In this series of lessons, we're exploring how maths is used in different careers.
So let's get started.
In today's lesson, we're going to look at some of the ways that maths is used by engineers.
On the screen you can see the phrase fractional form, which we're going to be using today in our lesson.
Now, if that's familiar to you, brilliant, but if not, feel free to pause the video now while you have a read through the definition.
Our lesson today is broken into two parts, and we're going to begin by looking at precision in engineering.
So what do you think engineers do? Well, engineers take the principles of science and mathematics and apply them to develop solutions to problems. They build bridges over rivers and gorges.
They construct tunnels under rivers, seas and cities.
They construct buildings that are sky high in compact spaces.
Fundamentally, they solve problems for humanity.
Problem solving is the very essence of what maths is.
Now, a key aspect of any work carried out by engineers is precision.
If they are not precise, the bridge falls down, the building collapses, or the plane falls out of the sky.
Look at your ruler, what are these tiny precise measurements in between each centimetre? That's right, they are millimetres, and there are 10 millimetres in one centimetre.
Now millimetres and centimetres are metric measurements.
Turn your ruler around, what does the 'in' stand for, and to what family of measures does it belong? Pause the video and chat with the person next to you or have a think for yourself.
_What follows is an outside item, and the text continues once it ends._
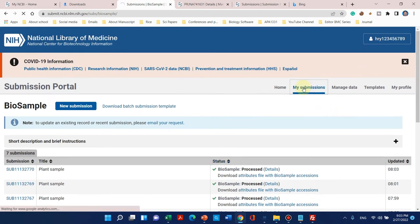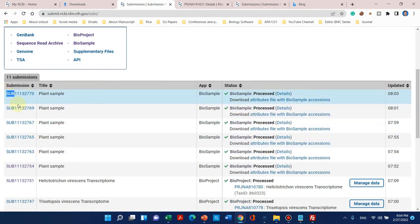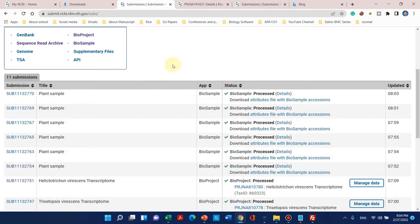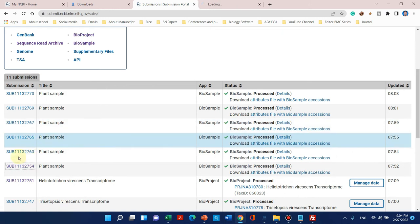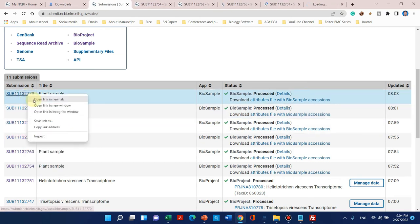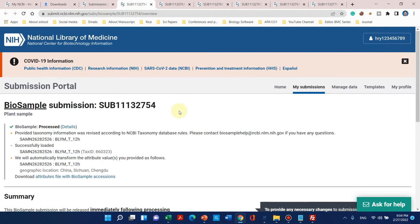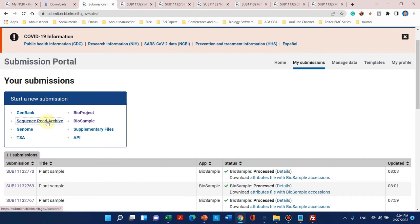Now we go back to main submissions. The third step was BioProject, the fourth was BioSample, and now we will move to the Sequence Read Archive — our last step to submit RNA-seq data. Before that, we can copy all the submission IDs and open them in new tabs because they will be needed in the next steps. We have six BioSample IDs. So now we can start the Sequence Read Archive.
Welcome back, what did you say? Well, 'in' stands for inches, an imperial measurement.
Historically in the UK, we use the imperial measurement system.
What do you think we call these small precise measurements in between the inches? No, we don't call them milli-inches, But if you did say that, I can see why.
They actually don't have a name, they're described as fractions of an inch.
So this is half an inch, a quarter inch.
What do you think you'd call these measures? Pause the video while you work this out.
Welcome back, let's see what you put.
Well, the first one would be one eighth of an inch.
The next one is three quarters of an inch, and then the last one is seven eighths of an inch.
You might find a ruler even more precise than this one.
So look, we even have even more tiny measurements in between.
So what do you think this new fraction is? Well done if you said a 16th.
One 16th of an inch is about as accurate as can be cut by human hand.
So old rulers were rarely more accurate than this.
What do you notice about the denominators of these fractions? Well, two for eight and 16 are all powers of two, and this is deliberate because half of a half is a quarter, half of a quarter is an eighth, and half of an eighth is one 16th.
These powers of two combined with one other key fact allowed early engineers to accurately communicate with one another.
At its widest point, an adult thumb is approximately one inch in diameter.
Let's just do a quick check that we got all of that.
So, could you please fill in the blanks? Pause and do this now.
Welcome back.
Let's see what you put.
Half of a half is a quarter, half of one eighth is one 16th, and half of one 16th is one over 32.
Now see if you can remember.
The adult thumb is approximately what in diameter? If you can remember that, you should be able to fill in these blanks.
Pause and do this now.
Welcome back.
The length that you can see at the top of the screen is approximately four inches long.
Remember, the adult thumb is approximately one inch in diameter.
So at the bottom of the screen, this length is approximately two and a half inches long.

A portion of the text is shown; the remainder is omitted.